Print all of the records. Exclude the images.

## [Records excerpted from a collection]
——

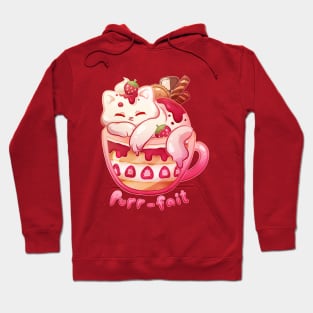 Strawberry Purr-fait Hoodie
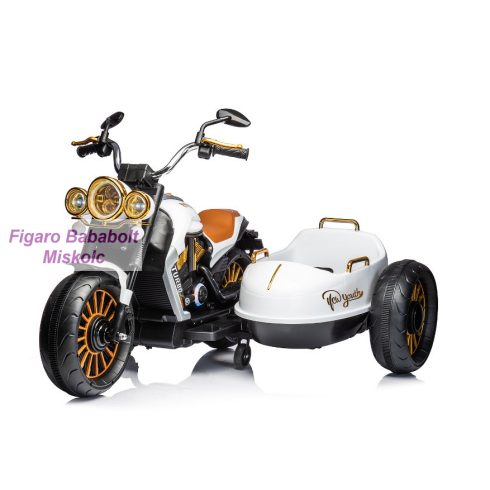 Chipolino Duo Tron elektromos motor - white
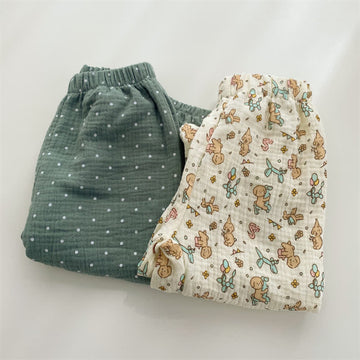 Toddler Soft Dots Dog Jogger Pants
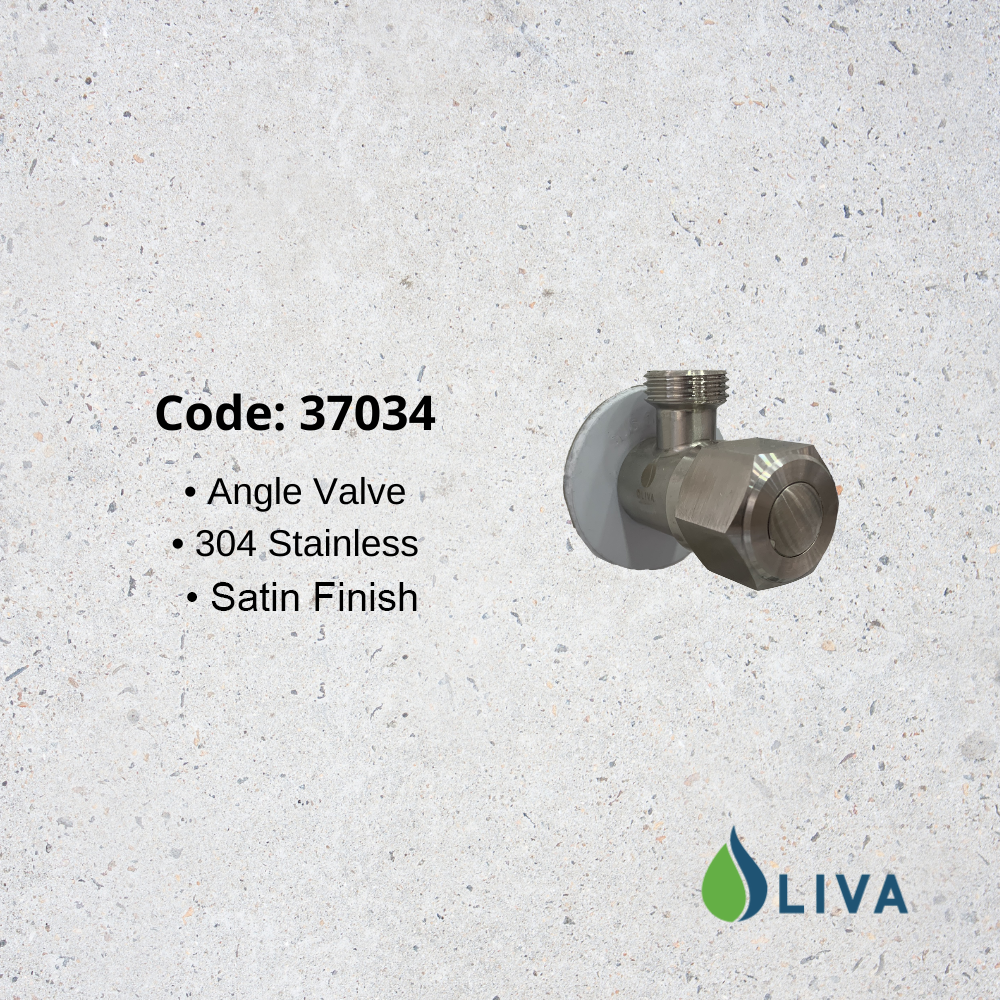 Oliva Single Angle Valve - 37034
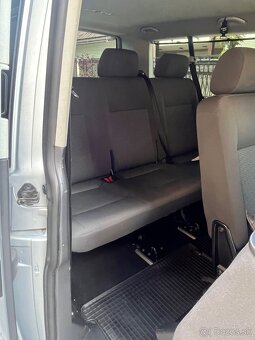 Volkswagen caravelle T5 8miestna LONG - 6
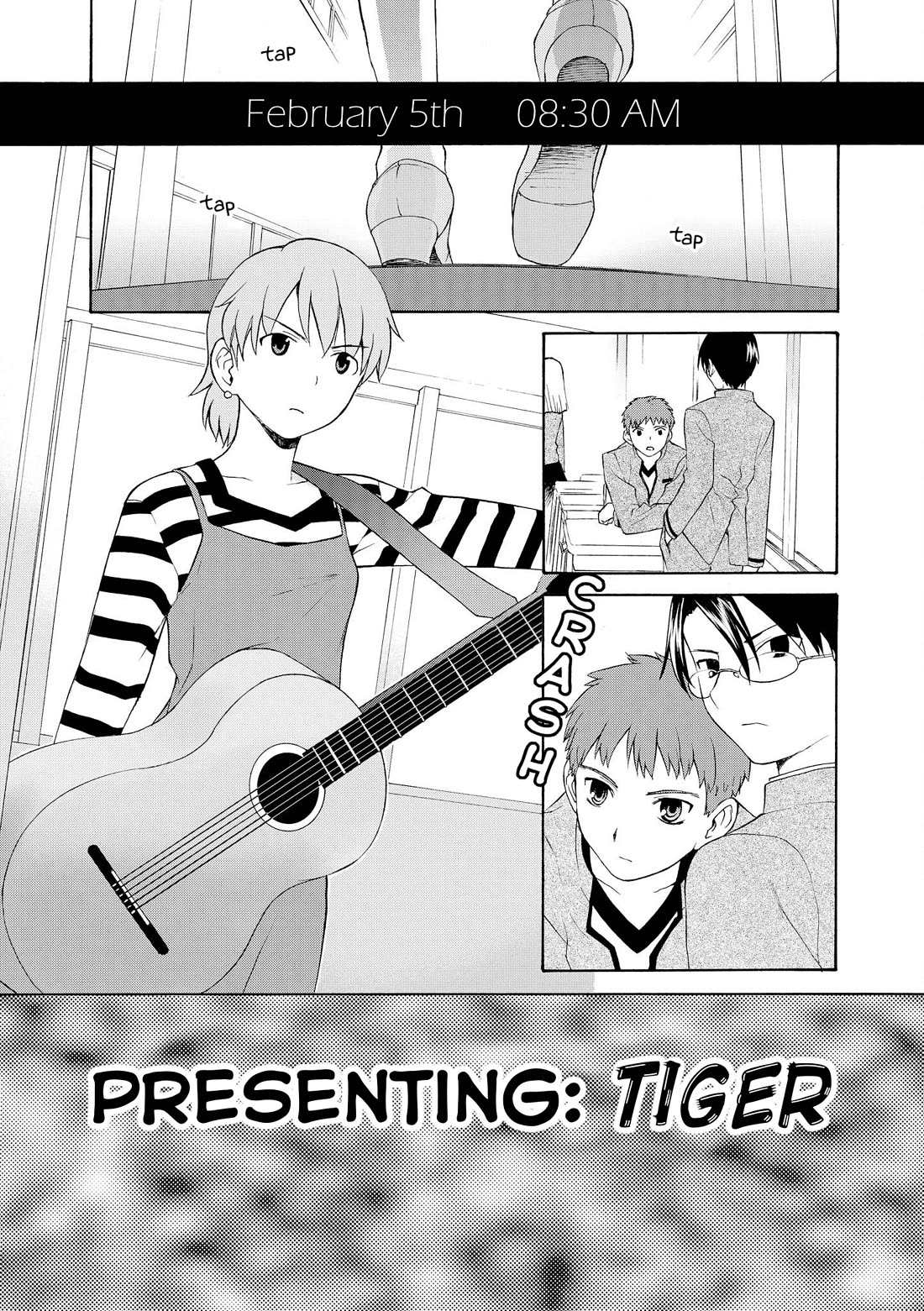 Take Moon - Chapter 23: Presenting: Tiger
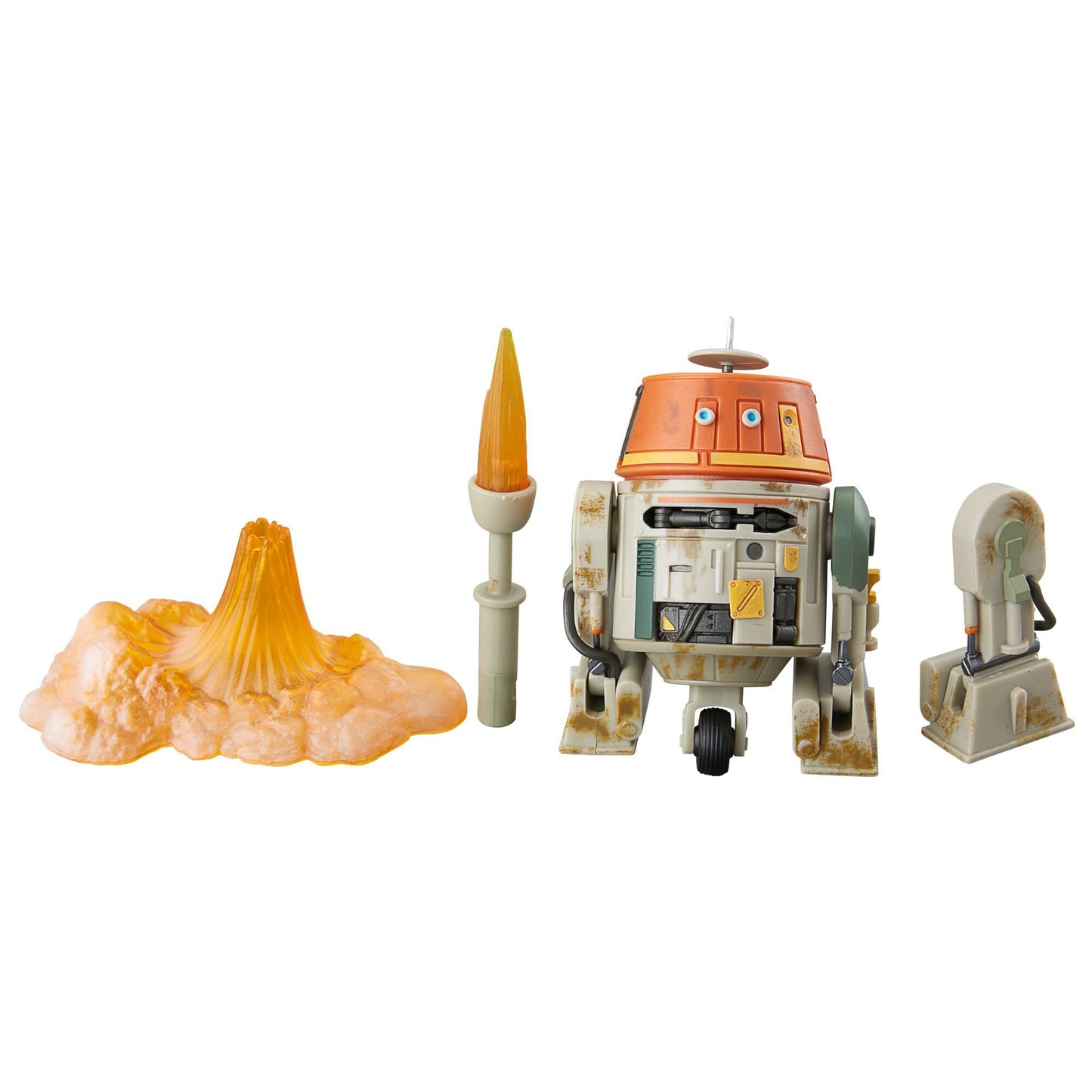 Star Wars Black Series 6 Inch Action Figure Wave 39 - Chopper (C1-10P)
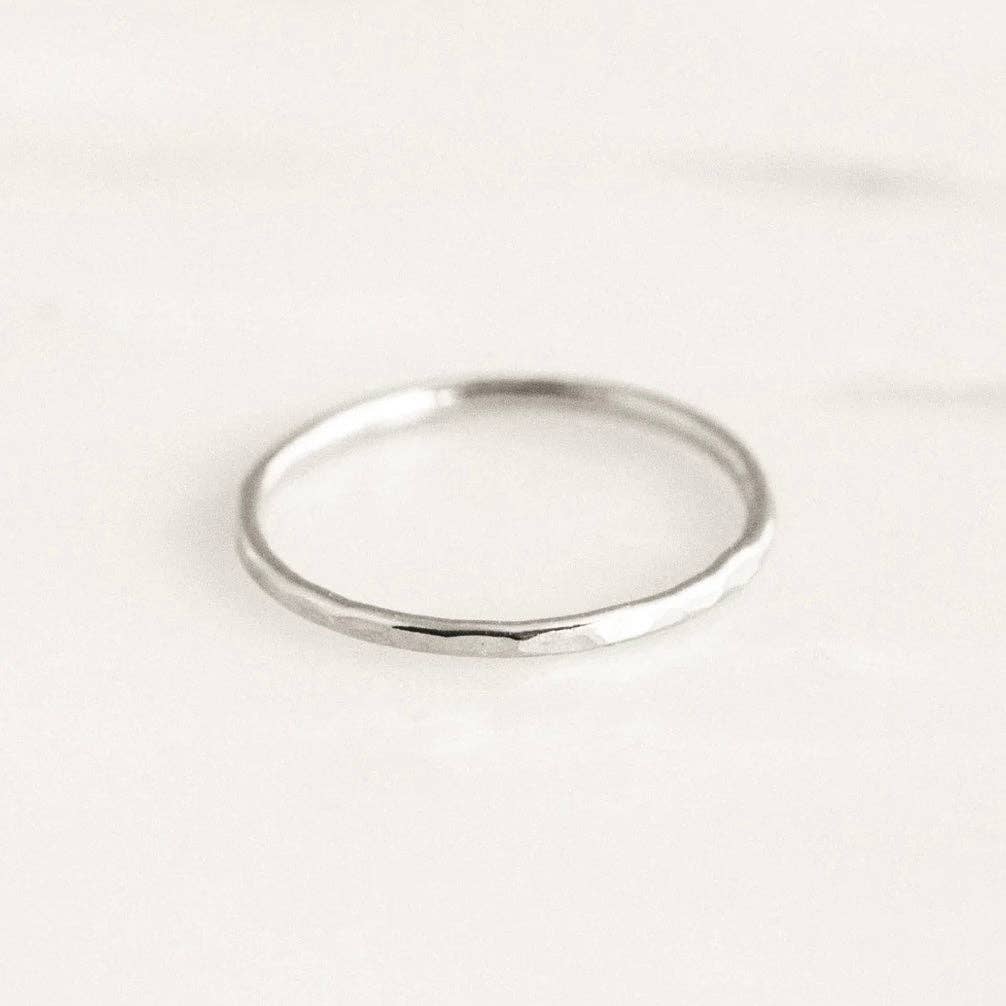 Petite Gold: Erie Ring - Size 7
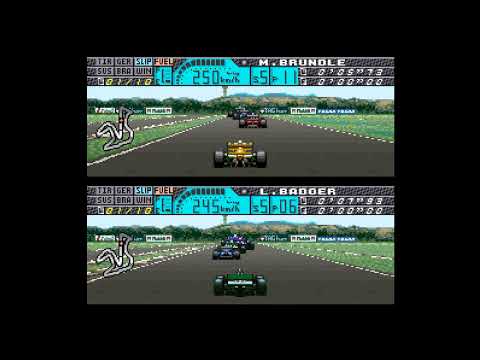 Human Grand Prix IV: F1 Dream Battle sur Super Nintendo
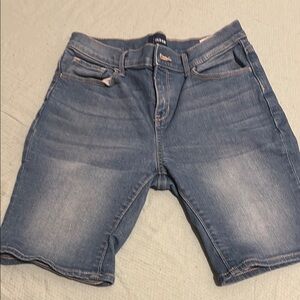 Old Navy Light Blue Denim Shorts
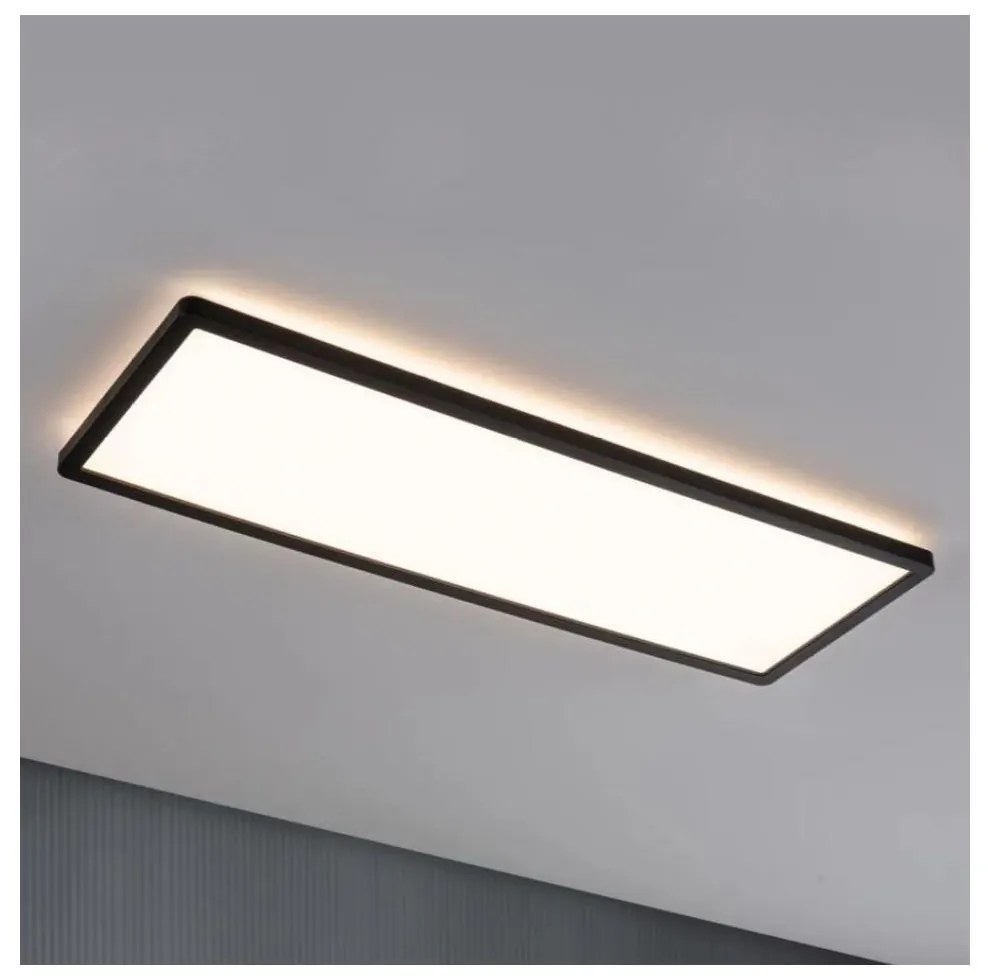 Paulmann 71003 - LED/22W Ściemnialny panel ATRIA 230V 3000K czarny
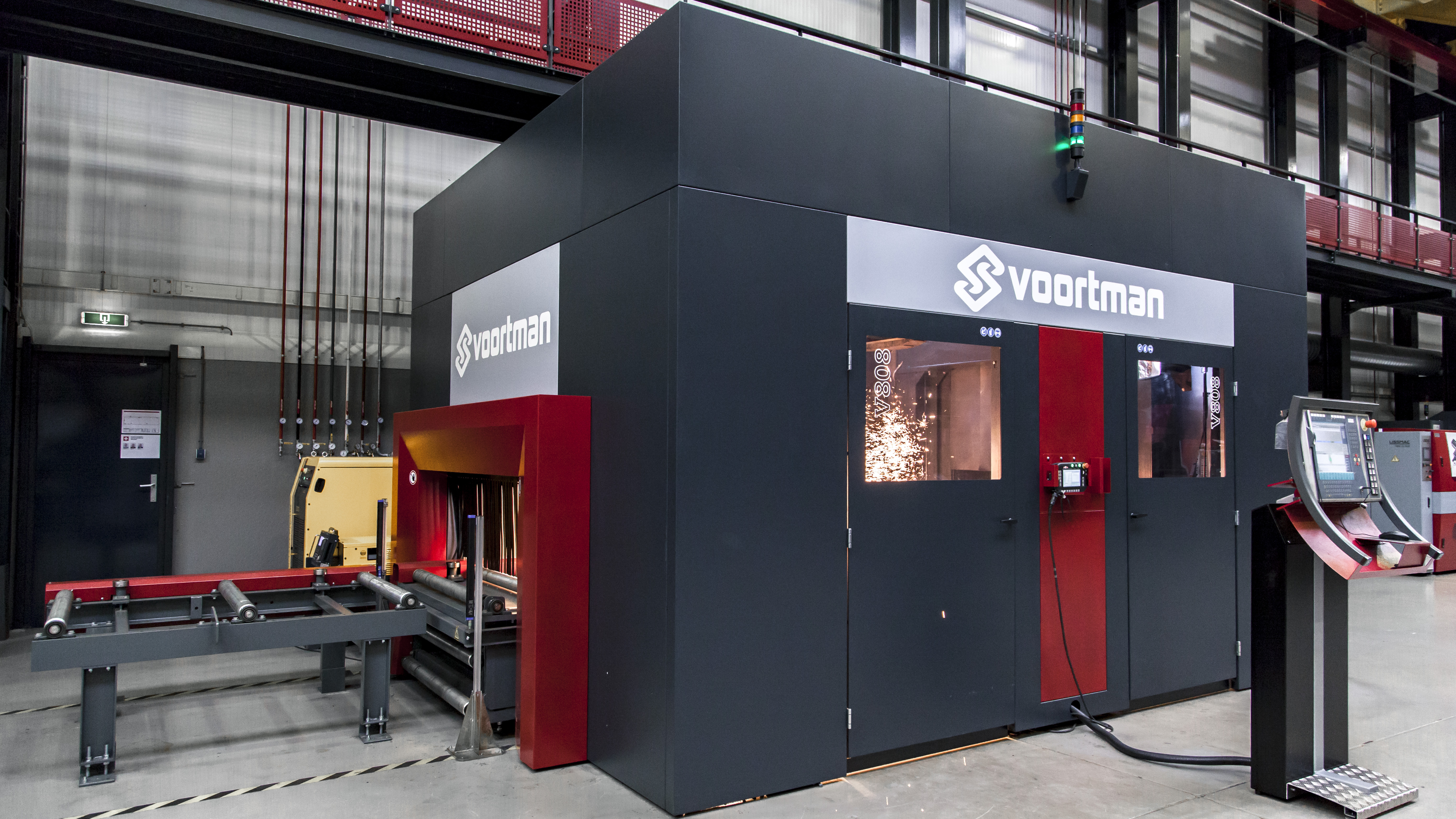 Voortman V808 Robotic Thermal Cutting Machine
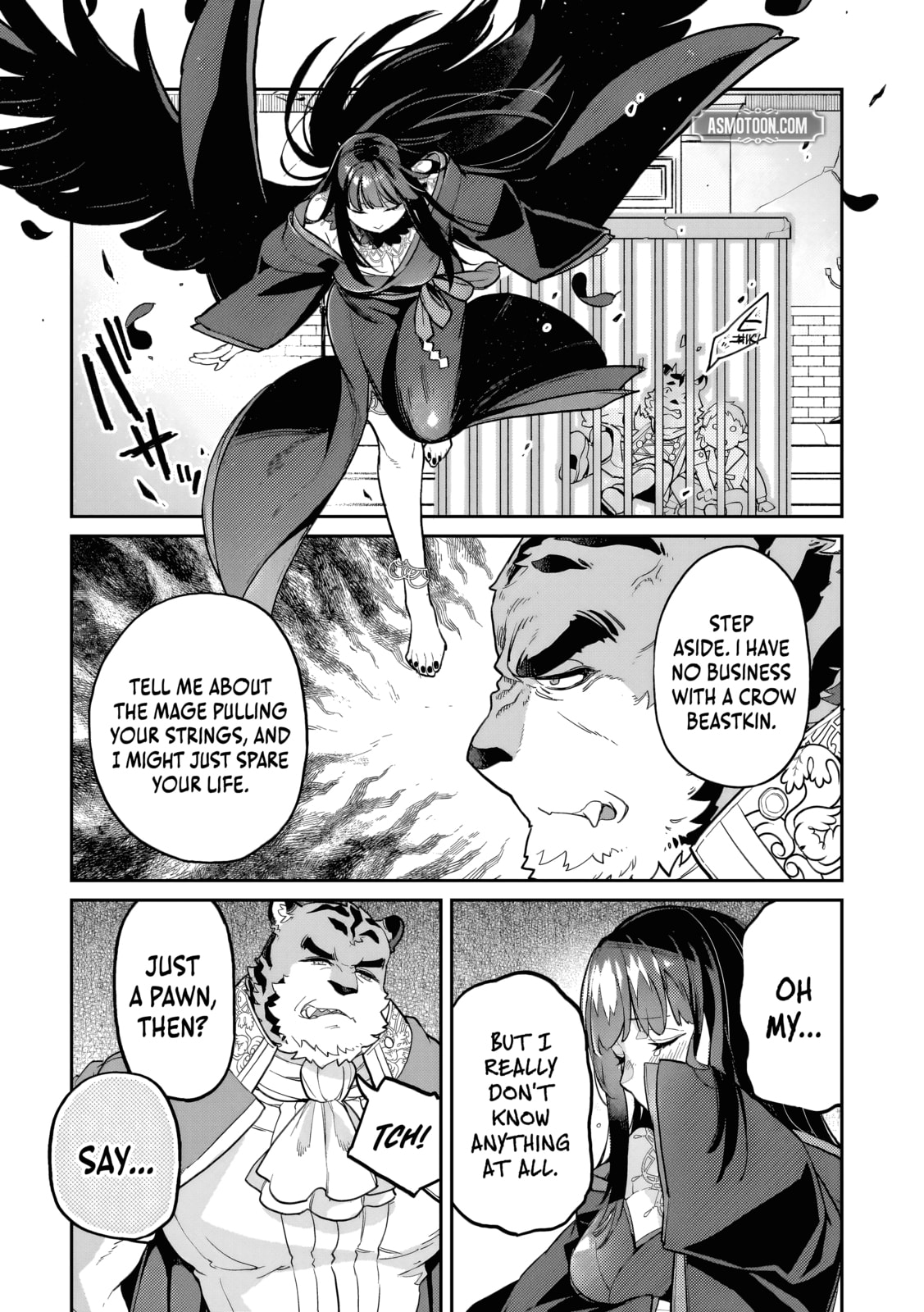 The Wife of a Villain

——

## [Response]
 Strawberry Purr-fait Hoodie
 Chipolino Duo Tron elektromos motor - white
 Toddler Soft Dots Dog Jogger Pants
 Oliva Single Angle Valve - 37034
 Volkswagen caravelle T5 8miestna LONG - 6
 Take Moon - Chapter 23: Presenting: Tiger
 Star Wars Black Series 6 Inch Action Figure Wave 39 - Chopper (C1-10P)
 Petite Gold: Erie Ring - Size 7
 Human Grand Prix IV: F1 Dream Battle sur Super Nintendo
 Old Navy Light Blue Denim Shorts
 Paulmann 71003 - LED/22W Ściemnialny panel ATRIA 230V 3000K czarny
 Voortman V808 Robotic Thermal Cutting Machine
 The Wife of a Villain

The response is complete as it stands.